The study attributes Hungaryʼs relative credit strength compared to Croatia and Romania to the consolidation of public finances, and a significant improvement in public debt structure and funding sources.
The agency points out that, while the countryʼs debt levels are still high, "the debt management office’s prudent debt funding strategy aimed at developing the domestic investor base, keeping foreign currency debt within a 15-25% share of total debt range, and mitigating cross-currency exchange rate risks by using euro swaps for all foreign-currency obligations," ameliorated the situation, making Hungaryʼs economic outlook better. Scope also points out that slower growth is the key risk to the countryʼs debt sustainability.
The Hungarian economy appears to be weak in resilience to short-term external shocks, the report states. The reason behind this is the countryʼs "high share of forex lending in total lending to non-financial corporations at around 45% in Q2 2018", along with the halving of foreign-currency reserves in the last five years, now standing at only EUR 24 billion.
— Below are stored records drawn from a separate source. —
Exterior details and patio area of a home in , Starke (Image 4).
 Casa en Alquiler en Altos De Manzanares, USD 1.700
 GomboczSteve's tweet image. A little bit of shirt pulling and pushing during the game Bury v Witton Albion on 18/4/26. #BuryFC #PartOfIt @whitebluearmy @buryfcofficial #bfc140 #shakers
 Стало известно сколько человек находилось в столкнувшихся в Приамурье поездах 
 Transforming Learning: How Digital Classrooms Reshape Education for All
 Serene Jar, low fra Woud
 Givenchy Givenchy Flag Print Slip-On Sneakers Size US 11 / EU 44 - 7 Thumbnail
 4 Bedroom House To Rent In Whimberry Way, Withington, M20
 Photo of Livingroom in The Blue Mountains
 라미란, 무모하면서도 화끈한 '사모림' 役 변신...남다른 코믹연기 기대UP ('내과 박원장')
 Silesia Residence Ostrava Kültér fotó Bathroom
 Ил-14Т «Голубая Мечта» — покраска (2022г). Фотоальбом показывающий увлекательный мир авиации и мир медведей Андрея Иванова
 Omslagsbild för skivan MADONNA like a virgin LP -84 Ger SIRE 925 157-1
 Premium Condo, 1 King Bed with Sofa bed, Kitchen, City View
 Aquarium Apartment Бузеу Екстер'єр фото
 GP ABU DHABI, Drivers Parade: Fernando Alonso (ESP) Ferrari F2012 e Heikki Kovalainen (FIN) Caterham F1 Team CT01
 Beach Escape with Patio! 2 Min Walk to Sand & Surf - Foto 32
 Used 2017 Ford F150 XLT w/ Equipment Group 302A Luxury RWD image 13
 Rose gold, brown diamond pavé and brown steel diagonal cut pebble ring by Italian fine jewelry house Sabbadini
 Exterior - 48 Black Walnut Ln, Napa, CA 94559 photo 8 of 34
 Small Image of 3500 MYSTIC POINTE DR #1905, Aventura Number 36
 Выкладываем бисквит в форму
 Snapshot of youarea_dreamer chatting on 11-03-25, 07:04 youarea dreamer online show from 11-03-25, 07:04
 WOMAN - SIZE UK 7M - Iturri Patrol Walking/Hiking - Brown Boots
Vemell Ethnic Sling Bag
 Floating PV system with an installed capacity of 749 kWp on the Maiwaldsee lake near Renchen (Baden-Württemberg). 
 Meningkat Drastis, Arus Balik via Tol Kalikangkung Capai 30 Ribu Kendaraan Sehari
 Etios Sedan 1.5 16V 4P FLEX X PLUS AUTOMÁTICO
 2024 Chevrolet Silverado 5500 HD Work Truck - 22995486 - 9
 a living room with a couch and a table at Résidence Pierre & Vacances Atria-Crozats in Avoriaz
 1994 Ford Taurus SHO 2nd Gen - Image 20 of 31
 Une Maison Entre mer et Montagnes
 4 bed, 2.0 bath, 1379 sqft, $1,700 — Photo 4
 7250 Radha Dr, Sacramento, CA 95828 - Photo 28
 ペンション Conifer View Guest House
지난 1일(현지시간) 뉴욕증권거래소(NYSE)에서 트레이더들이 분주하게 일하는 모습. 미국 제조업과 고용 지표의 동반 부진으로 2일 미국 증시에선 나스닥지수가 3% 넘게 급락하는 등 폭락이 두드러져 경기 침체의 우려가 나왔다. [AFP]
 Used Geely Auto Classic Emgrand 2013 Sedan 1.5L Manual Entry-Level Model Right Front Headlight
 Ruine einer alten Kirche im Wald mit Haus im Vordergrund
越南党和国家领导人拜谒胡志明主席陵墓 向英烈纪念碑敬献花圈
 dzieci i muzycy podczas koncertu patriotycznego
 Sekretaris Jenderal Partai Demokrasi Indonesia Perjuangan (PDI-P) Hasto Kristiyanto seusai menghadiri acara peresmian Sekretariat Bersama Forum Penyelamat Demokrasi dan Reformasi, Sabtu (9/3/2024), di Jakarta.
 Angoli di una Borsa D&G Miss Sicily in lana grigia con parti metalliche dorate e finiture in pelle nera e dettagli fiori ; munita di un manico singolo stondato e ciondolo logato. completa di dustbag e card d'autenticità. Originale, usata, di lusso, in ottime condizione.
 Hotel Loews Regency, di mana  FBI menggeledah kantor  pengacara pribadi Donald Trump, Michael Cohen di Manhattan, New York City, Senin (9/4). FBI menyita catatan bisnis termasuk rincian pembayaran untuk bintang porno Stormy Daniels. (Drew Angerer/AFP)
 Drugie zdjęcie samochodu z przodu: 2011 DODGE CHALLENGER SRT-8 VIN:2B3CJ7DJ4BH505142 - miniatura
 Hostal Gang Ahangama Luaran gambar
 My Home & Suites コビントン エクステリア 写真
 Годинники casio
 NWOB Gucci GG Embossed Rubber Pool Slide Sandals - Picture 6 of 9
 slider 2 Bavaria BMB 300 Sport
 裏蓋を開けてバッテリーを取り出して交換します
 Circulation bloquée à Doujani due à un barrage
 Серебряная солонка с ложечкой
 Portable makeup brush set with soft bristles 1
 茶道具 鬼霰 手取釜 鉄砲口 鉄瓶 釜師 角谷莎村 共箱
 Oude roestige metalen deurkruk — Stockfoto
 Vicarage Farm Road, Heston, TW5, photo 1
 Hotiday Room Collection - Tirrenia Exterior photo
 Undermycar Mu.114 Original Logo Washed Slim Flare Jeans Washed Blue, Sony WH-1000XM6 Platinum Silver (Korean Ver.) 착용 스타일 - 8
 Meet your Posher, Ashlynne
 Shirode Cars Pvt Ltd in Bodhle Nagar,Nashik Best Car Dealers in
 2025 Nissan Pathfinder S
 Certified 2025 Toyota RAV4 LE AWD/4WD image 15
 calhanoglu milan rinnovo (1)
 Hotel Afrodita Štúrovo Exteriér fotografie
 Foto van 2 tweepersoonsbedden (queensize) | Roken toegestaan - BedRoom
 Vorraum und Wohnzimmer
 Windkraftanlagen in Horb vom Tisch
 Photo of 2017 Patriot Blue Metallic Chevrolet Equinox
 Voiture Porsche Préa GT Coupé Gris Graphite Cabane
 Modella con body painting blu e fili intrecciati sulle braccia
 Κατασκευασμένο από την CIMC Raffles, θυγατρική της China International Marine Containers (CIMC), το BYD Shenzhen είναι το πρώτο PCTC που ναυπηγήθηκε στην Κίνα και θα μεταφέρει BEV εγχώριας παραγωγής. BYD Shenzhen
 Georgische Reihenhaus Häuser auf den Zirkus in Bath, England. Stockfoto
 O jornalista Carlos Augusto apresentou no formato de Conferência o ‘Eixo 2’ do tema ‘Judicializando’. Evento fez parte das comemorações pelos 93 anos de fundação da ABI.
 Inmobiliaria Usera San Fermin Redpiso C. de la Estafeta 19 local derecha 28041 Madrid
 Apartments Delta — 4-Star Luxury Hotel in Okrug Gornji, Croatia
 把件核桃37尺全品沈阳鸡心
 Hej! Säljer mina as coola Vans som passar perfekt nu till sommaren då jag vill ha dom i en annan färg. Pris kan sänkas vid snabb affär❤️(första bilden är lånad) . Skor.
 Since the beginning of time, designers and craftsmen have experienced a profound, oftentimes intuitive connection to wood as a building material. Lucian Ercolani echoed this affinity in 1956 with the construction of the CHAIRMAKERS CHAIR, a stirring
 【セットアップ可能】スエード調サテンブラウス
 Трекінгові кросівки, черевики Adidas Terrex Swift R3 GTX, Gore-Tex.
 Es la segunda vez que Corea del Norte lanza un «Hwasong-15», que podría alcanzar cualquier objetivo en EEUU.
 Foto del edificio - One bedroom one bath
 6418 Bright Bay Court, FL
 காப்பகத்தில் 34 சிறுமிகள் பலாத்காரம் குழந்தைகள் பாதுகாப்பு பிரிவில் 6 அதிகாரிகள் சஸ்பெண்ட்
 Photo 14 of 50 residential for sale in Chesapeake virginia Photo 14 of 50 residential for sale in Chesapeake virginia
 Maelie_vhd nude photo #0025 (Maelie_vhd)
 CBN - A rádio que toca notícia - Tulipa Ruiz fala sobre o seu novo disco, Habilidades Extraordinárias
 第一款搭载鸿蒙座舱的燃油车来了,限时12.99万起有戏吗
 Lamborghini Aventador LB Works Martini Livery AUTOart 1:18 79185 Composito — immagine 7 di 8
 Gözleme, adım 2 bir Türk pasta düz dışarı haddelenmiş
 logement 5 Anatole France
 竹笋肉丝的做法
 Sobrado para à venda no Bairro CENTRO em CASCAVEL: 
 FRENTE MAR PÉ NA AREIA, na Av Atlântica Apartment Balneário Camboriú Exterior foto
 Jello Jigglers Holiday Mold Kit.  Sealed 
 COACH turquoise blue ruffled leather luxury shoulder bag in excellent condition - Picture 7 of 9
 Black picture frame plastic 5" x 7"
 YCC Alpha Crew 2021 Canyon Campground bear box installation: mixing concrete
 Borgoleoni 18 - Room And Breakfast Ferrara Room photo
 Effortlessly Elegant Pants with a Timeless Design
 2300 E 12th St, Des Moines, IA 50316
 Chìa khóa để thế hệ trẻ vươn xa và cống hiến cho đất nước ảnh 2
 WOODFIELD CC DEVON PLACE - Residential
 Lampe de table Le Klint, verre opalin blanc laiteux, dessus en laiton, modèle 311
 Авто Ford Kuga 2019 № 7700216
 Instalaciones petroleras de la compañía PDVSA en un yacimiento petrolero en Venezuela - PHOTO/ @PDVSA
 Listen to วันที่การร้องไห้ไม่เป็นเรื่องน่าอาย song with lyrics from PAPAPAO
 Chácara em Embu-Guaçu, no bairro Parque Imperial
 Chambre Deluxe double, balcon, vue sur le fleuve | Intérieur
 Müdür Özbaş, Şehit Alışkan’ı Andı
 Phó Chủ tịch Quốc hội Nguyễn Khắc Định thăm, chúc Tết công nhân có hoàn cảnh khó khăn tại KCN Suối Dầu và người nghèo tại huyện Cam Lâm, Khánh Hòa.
This reflects the banking sectorʼs conversion of foreign-currency loans and the self-financing program repayment of the governmentʼs foreign-currency debt. On the other hand, Scope adds that the reserves-to-short-term-debt ratio is adequate at approximately 180%.
Analyzing the recent events and policy decisions of the Hungarian government, the agency highlights that while politics "have been characterized by stability and policy continuity over recent years, the current government’s consolidation of political power has come at the expense of independent institutions, especially affecting the central bank and judiciary, fair democratic processes and a free media".
Furthermore, the report classifies the Orbán governmentʼs recent legal quarrels with the European Unionʼs institutions about issues with the government’s respect for human rights, democracy and the rule of law as a significant weakness. Still, Scope acknowledges: "Hungary displays a relatively high degree of financial stability, due in part to robust economic growth," despite some institutional weaknesses.